Setting up Two-Factor Authentication (TFA) - Oracle Authenticator

Oracle Authenticator is a multi-factor authentication application developed by Oracle that acts as an additional layer of security by prompting a second factor of authentication during login. Oracle mobile authenticator is available in iOS 12.0+ and Android 5.0+. You can install Oracle Authenticator on your smartphone or tablet devices.

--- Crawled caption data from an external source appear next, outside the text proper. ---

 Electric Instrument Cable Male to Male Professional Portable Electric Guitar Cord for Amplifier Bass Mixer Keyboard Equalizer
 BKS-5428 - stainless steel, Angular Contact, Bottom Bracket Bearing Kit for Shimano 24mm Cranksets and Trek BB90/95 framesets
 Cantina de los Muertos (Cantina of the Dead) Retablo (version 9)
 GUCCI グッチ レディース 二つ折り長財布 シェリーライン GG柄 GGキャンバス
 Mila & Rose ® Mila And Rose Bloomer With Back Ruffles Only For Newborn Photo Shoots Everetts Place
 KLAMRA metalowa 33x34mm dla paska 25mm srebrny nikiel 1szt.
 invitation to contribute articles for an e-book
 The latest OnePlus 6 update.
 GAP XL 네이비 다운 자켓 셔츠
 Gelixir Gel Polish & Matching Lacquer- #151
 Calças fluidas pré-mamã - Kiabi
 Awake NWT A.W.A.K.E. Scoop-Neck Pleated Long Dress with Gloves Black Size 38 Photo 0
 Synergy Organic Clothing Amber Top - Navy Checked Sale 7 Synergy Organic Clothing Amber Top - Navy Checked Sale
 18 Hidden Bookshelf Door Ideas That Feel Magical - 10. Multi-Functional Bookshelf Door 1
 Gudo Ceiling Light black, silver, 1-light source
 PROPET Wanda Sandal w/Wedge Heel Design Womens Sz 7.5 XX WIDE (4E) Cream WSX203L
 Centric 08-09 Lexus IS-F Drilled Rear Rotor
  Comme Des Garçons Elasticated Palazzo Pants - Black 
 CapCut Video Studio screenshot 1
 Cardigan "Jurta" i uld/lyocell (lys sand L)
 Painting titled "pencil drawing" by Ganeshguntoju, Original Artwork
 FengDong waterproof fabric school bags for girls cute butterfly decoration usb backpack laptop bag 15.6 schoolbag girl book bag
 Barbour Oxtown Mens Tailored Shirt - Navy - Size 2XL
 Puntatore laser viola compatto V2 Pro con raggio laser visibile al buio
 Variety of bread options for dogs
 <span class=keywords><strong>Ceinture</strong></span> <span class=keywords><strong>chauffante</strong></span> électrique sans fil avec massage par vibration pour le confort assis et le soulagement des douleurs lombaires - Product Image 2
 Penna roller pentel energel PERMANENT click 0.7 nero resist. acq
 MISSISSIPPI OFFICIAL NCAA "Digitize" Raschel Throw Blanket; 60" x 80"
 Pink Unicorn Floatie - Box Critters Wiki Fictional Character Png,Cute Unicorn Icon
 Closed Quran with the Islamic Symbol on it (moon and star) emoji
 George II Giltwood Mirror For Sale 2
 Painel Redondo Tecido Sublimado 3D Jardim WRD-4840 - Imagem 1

The second level of authentication is a one-time password generated by the Oracle authenticator with a 6-digit number.

How does Oracle Authenticator Work with PAM360?

1. A user tries to access the PAM360 web interface
2. As the first factor of authentication, PAM360 authenticates the user through local authentication/AD/Microsoft Entra ID/LDAP
3. PAM360 prompts for the second-factor authentication through the configured Oracle Authenticator
4. The user enters the six-digit code from the Oracle Authenticator GUI
5. PAM360 grants access to the user for the PAM360 web interface for further operations

The following sections will help you to configure and use the Oracle Authenticator as the Two-Factor Authentication (TFA):

1. Configuring TFA in PAM360
2. Enforcing TFA for Required Users
3. Connecting to PAM360 Web Interface when TFA via Oracle Authenticator is Enabled
4. Troubleshooting Tip

1. Configuring TFA in PAM360

1. Navigate to 'Admin >> Authentication >> Two-factor Authentication'.
2. Enable the option Oracle Authenticator and then click Save.
3. Click on Confirm to enforce Oracle Authenticator as the second factor of authentication to PAM360.

2. Enforcing TFA for Required Users

Once you enforce the Oracle - Authenticator as the second factor of authentication, a new window will prompt with the existing PAM360 users details. Select the users for whom the TFA is to be enforced.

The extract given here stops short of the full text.